Evolutionary Divergence of Signal Transducer and Activator of Transcription 5A (STAT5A) Gene in Riverine Buffalo
Evolutionary Divergence of Signal Transducer and Activator of Transcription 5A (STAT5A) Gene in Riverine Buffalo
Muhammad Naveed1, Asif Nadeem1,2*, Maryam Javed1, Muhammad Fahad Bhutta3 and Ruqayya Bint Khalid1
1Institute of Biochemistry and Biotechnology, University of Veterinary and Animal Sciences, Lahore, Pakistan
2Department of Biotechnology, Faculty of Science and Technology, Virtual University of Pakistan
3Semen Production Unit, Qadirabad, Sahiwal
ABSTRACT
Signal transducer and activator of transcription 5A (STAT5A), also called mammary gland factor (MGF), is a key mediator of signal transduction within mammary gland and uterine epithelial cells. It is a member of placental lactogen (PL) and interferon-tau (IFN-τ) signal pathway. It is also the main mediator of growth hormone. When cells encounter growth hormones and cytokines, STAT5A is activated to regulate gene transcription. STA5A has an important role in fertilization, embryonic survival and milk production traits in farm animals. The genomic characterization of STAT5A gene has not been assessed before in Nili Ravi Buffalo. In present research work, the sequence of the bovine STAT5A gene was analyzed to identify single nucleotide polymorphisms and its effect on evolutionary divergence. Nine polymorphisms, six in intronic and three in exonic regions, were identified in STAT5A gene. One exonic polymorphism G→A, in exon 5, was significant that causes a non-synonymous amino acid change from Serine (S) to Asparagine (N). Further, 64 genetic variants were also identified in STAT5A gene and these variants were due to cattle and buffalo differences. Phylogenetic analysis and evolutionary divergence were also estimated. The sequence was submitted to GenBank (NCBI) with accession number MN712202. Our results represent a preliminary step towards the identification of polymorphisms in STAT5A gene of Nili Ravi Buffalo. Further studies are required for the association of genetic polymorphisms of STAT5A gene with fertility related traits.
Article Information
Received 26 April 2020
Revised 18 May 2020
Accepted 22 May 2020
Available online 04 June 2021
Authors’ Contribution
AN designed the study. MN carried out the genomic work. MFB collected samples. MN, MJ and RBK wrote the manuscript. AN and MJ analyzed the data. AN revised the manuscript.
Key words
Genetic diversity, Single nucleotide polymorphism, Nili Ravi, STAT5A gene, Buffalo
DOI: https://dx.doi.org/10.17582/journal.pjz/20200426130435
* Corresponding author: [email protected]

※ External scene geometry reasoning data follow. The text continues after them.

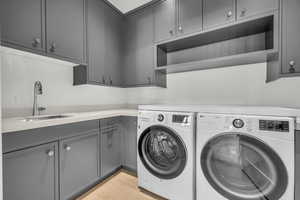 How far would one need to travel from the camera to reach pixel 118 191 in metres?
1.58

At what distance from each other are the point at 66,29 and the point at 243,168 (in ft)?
7.19

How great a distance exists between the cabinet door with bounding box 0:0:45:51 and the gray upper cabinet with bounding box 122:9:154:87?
1210 millimetres

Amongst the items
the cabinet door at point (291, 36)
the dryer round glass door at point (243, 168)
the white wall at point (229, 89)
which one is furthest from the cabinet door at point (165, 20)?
the dryer round glass door at point (243, 168)

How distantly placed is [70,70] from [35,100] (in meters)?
0.58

0030-9923/2021/0004-1459 $ 9.00/0
Copyright 2021 Zoological Society of Pakistan
INTRODUCTION
Signal transducers and activators of transcription (STAT) are basically transcription factors that mediate the actions of cytokines and many peptide hormones within the target cells (Darnell et al., 1994; Schindler and Darnell Jr, 1995). STATs proteins comprise of STAT1, 2, 3, 4, 5A, 5B and 6 that are present in different mammals. They play their role as signal transducers in the cytoplasm and as transcription activators within the nucleus of the cell (Kisseleva et al., 2002).
STAT5 gene was reported initially as a single form in sheep but later, two isoforms (STAT5A and STAT5B) have been identified in cattle, rat, human and mouse cells which are encoded by two different genes (Goldammer et al., 1997; Ripperger et al., 1995; Hou et al., 1995; Liu et al., 1995). STAT5A and STAT5B encoding genes are originated from a single primordial gene and share almost 96% similarity in sequence (Seyfert et al., 2000). There is a few amino acids difference is found between the two isoforms (Moriggl et al., 1996). In cattle, STAT5A gene is located on chromosome 19; it has 19959 base pair and 19 exons which encode a 794 amino acid protein (Seyfert et al., 2000). STAT locus also contains STAT3 and STAT5B genes (Seyfert et al., 2000; Molenaar et al., 2000).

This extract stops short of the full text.